# REQUIREMENT
Leaving out pictures, output exactly the lines below from the one that has "Ruud Guillt Signed 12x8 Photo" through the one that has "SUNNY ISLE Black", and nothing else.

-- EXERCISE DATA follows --

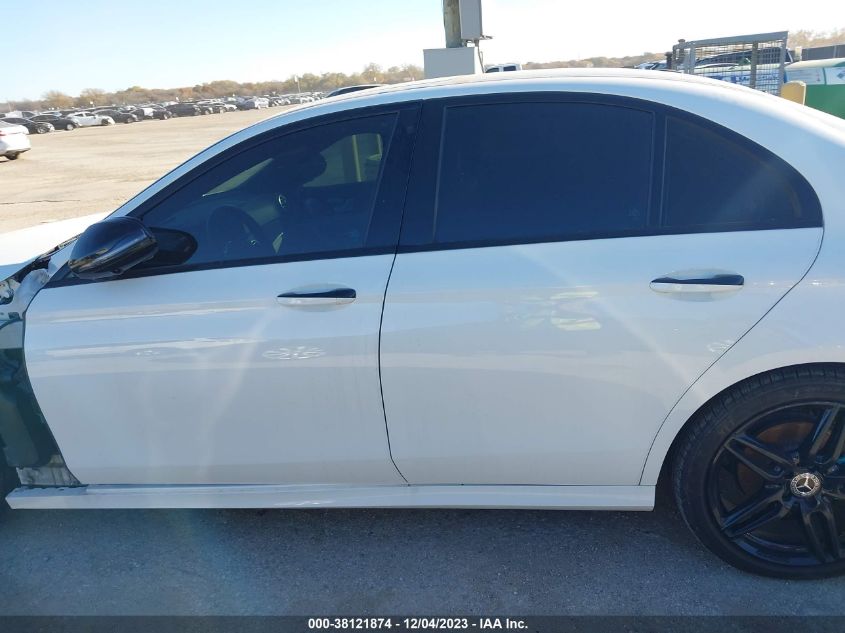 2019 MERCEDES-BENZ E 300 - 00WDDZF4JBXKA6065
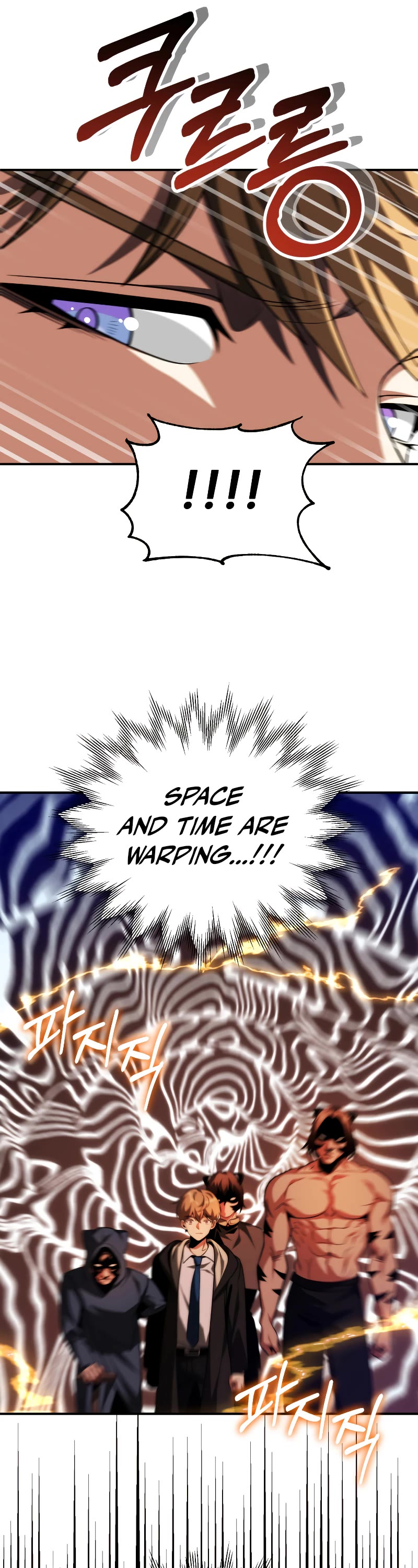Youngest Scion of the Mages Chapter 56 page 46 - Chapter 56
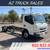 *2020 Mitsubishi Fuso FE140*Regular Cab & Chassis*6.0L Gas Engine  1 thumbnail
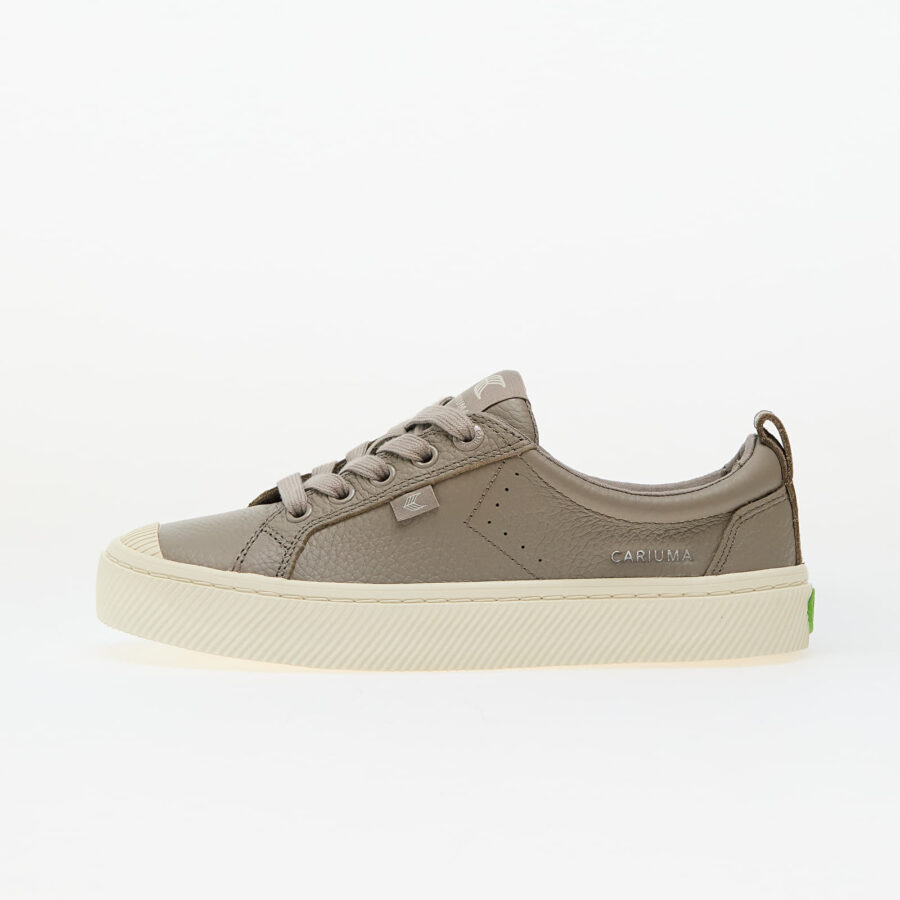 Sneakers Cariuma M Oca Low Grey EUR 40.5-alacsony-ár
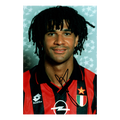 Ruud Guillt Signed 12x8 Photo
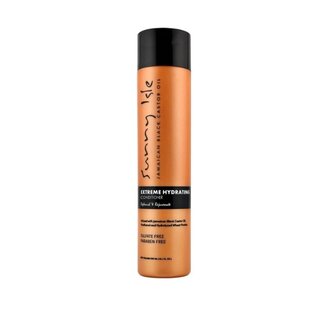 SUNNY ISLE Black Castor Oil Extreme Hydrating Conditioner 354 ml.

-- EXERCISE DATA concluded --
-- EXERCISE DATA follows --

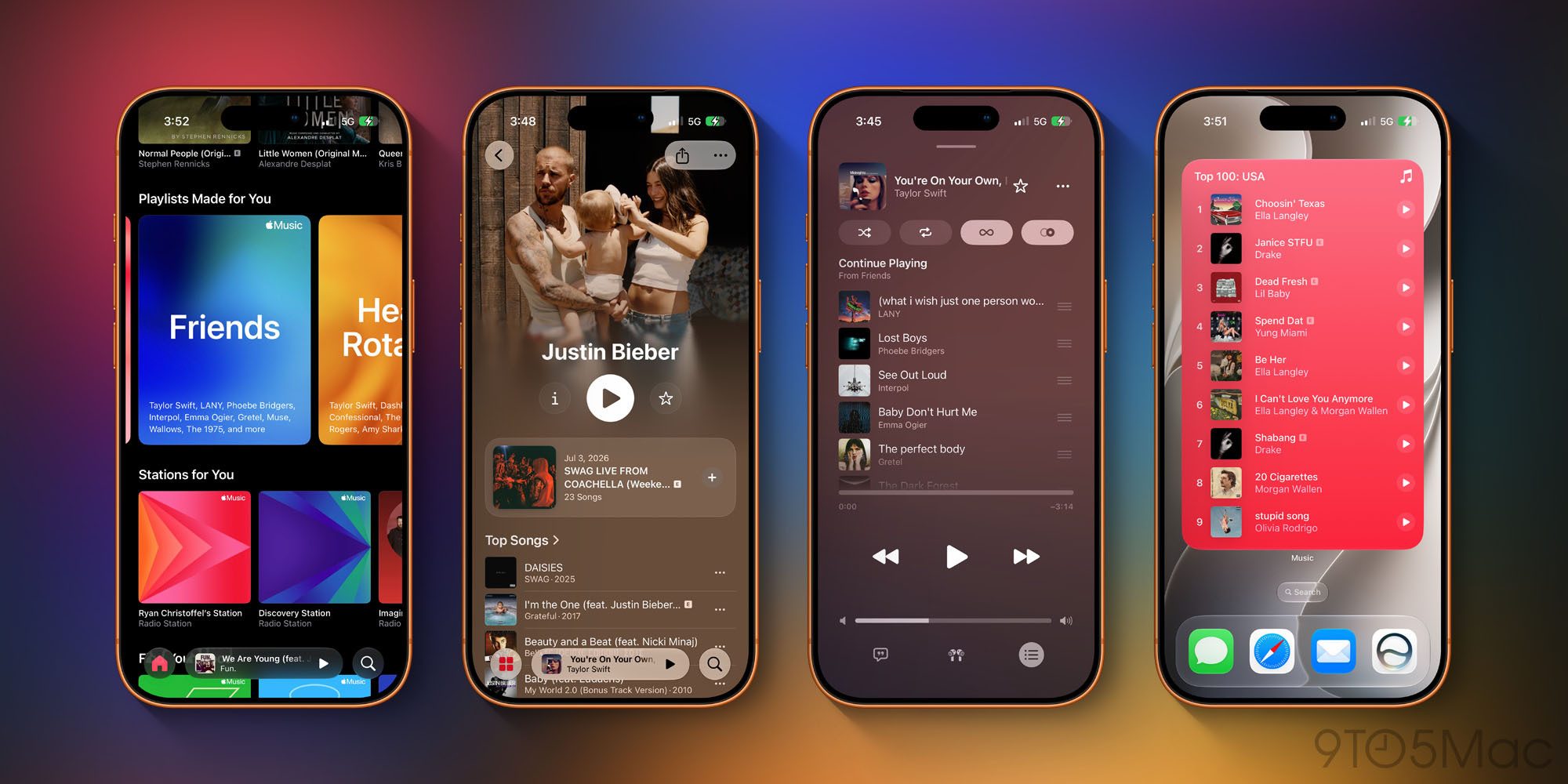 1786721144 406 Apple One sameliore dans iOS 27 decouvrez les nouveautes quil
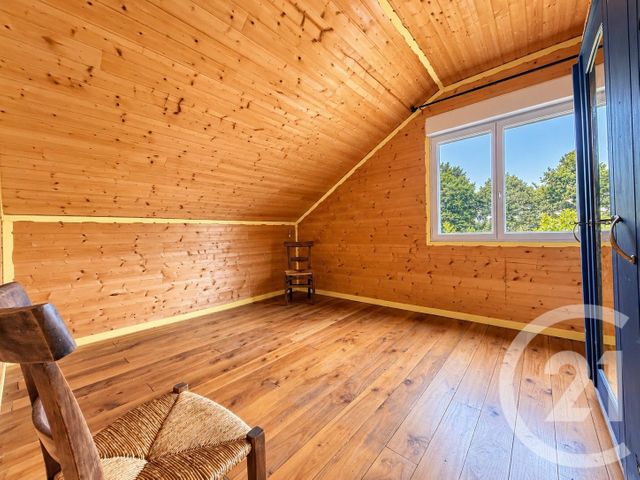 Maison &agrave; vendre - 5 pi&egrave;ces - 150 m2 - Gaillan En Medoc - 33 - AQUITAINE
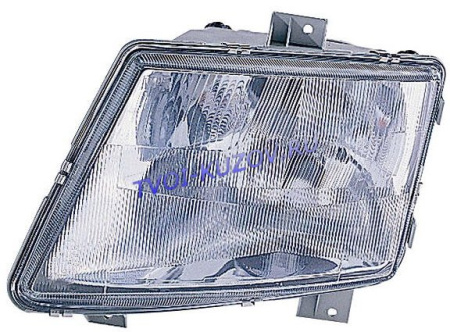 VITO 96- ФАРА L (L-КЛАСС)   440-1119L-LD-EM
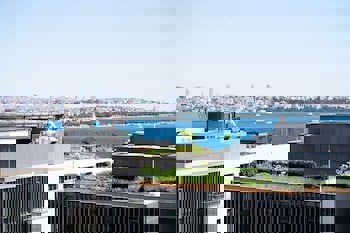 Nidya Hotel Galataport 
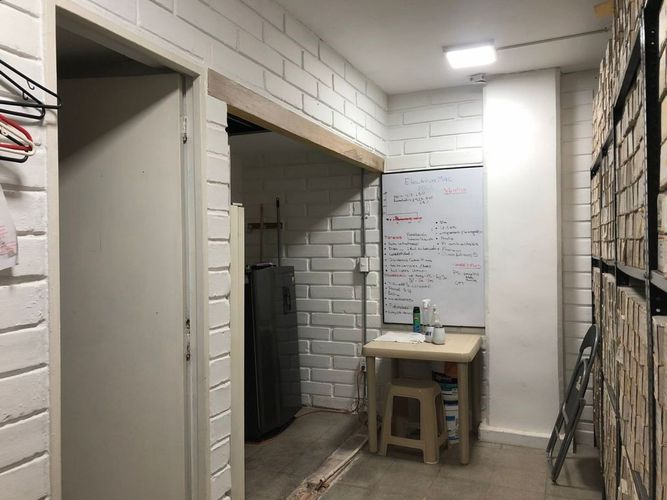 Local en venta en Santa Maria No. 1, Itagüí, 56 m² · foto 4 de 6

-- EXERCISE DATA concluded --
-- EXERCISE DATA follows --

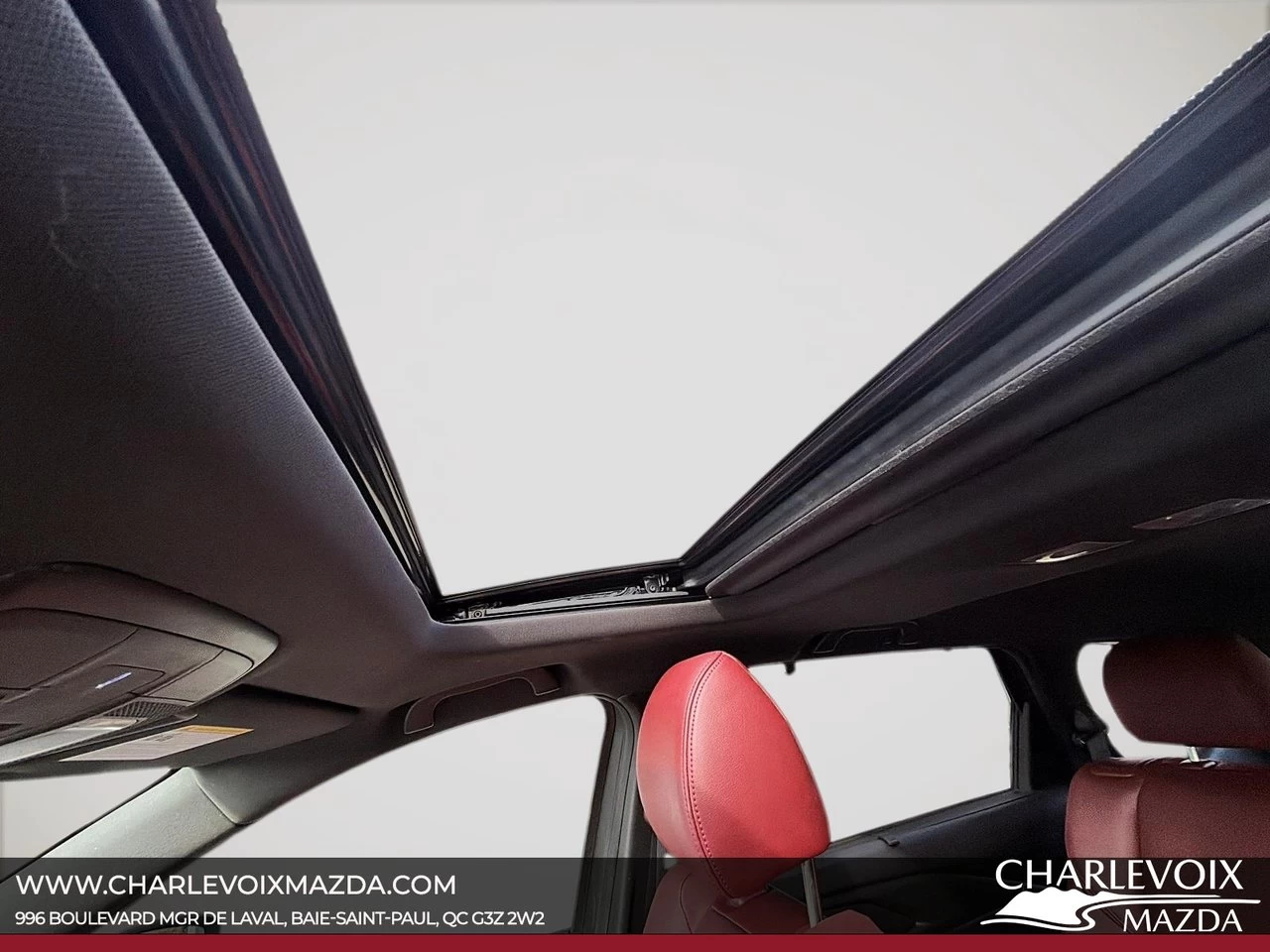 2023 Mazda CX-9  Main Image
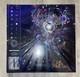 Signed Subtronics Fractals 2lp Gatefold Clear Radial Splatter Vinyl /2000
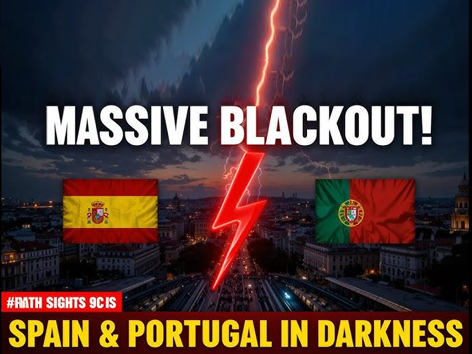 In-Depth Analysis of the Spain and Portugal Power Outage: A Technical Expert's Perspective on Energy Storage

-- EXERCISE DATA concluded --

# WRITTEN ANSWER
 Ruud Guillt Signed 12x8 Photo
 SUNNY ISLE Black Castor Oil Extreme Hydrating Conditioner 354 ml.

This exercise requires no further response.